# DATA SUPPLIED
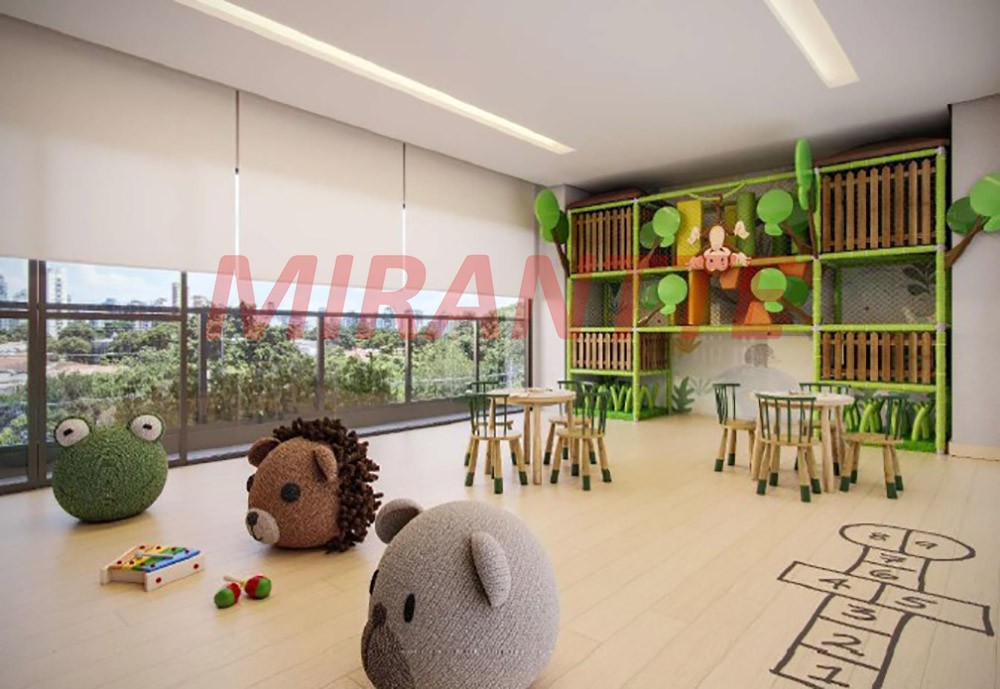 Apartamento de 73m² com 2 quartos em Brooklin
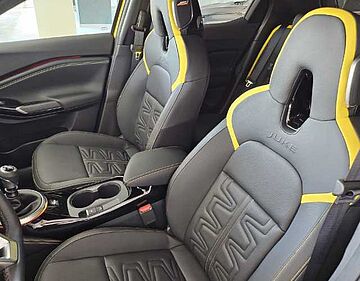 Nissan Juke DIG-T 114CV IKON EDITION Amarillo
...
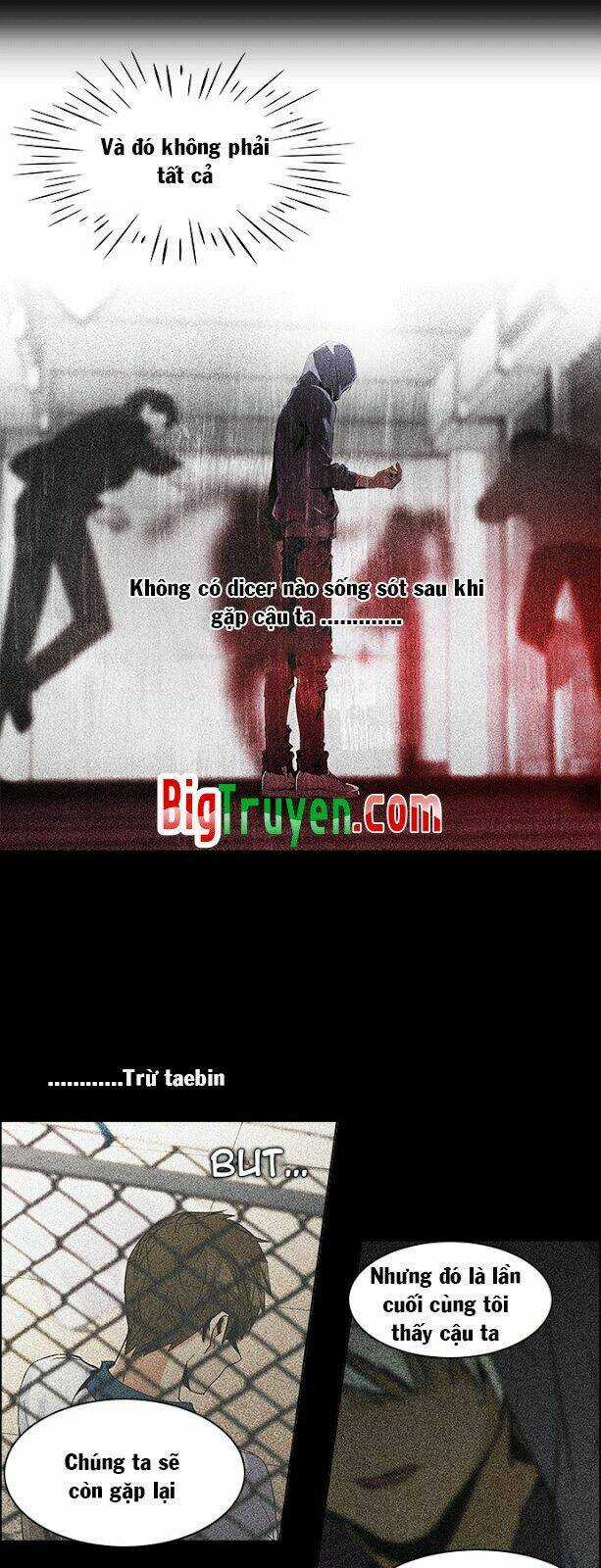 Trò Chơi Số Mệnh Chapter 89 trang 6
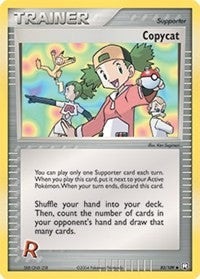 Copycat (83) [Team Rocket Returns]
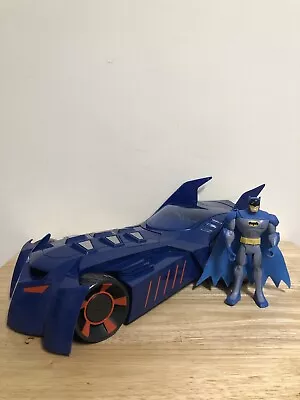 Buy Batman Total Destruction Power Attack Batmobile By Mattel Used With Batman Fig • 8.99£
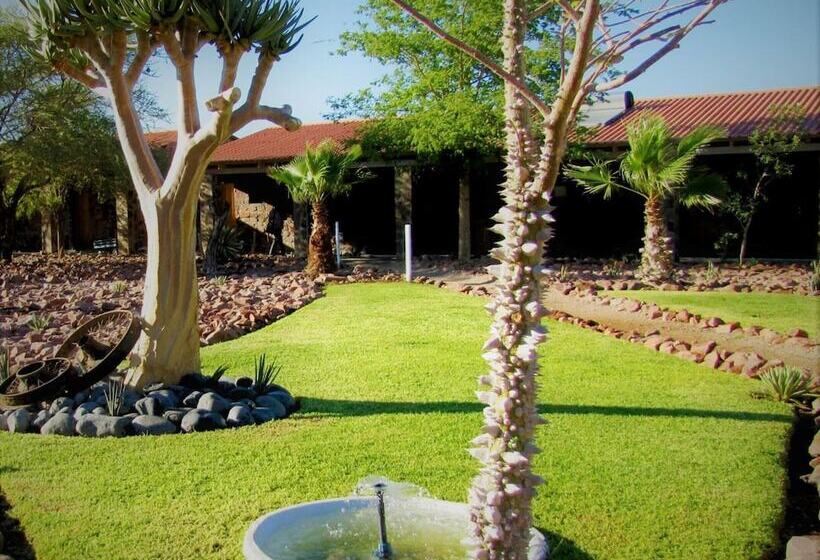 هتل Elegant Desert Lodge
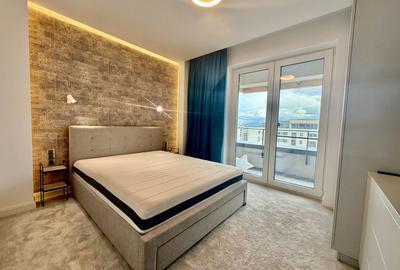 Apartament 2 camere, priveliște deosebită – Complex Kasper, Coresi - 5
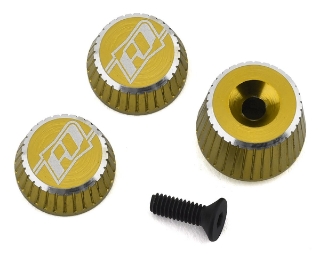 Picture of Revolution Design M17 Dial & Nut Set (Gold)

# ASSIGNMENT
Between and including the line with "Trò Chơi Số Mệnh Chapter 89 trang 6" and the line with "Picture of Revolution", repeat every line exactly as it appears above, with pictures left out.

# EXERCISE SOLUTION
 Trò Chơi Số Mệnh Chapter 89 trang 6
 Copycat (83) [Team Rocket Returns]
 Buy Batman Total Destruction Power Attack Batmobile By Mattel Used With Batman Fig • 8.99£
 هتل Elegant Desert Lodge
 Apartament 2 camere, priveliște deosebită – Complex Kasper, Coresi - 5
 Picture of Revolution Design M17 Dial & Nut Set (Gold)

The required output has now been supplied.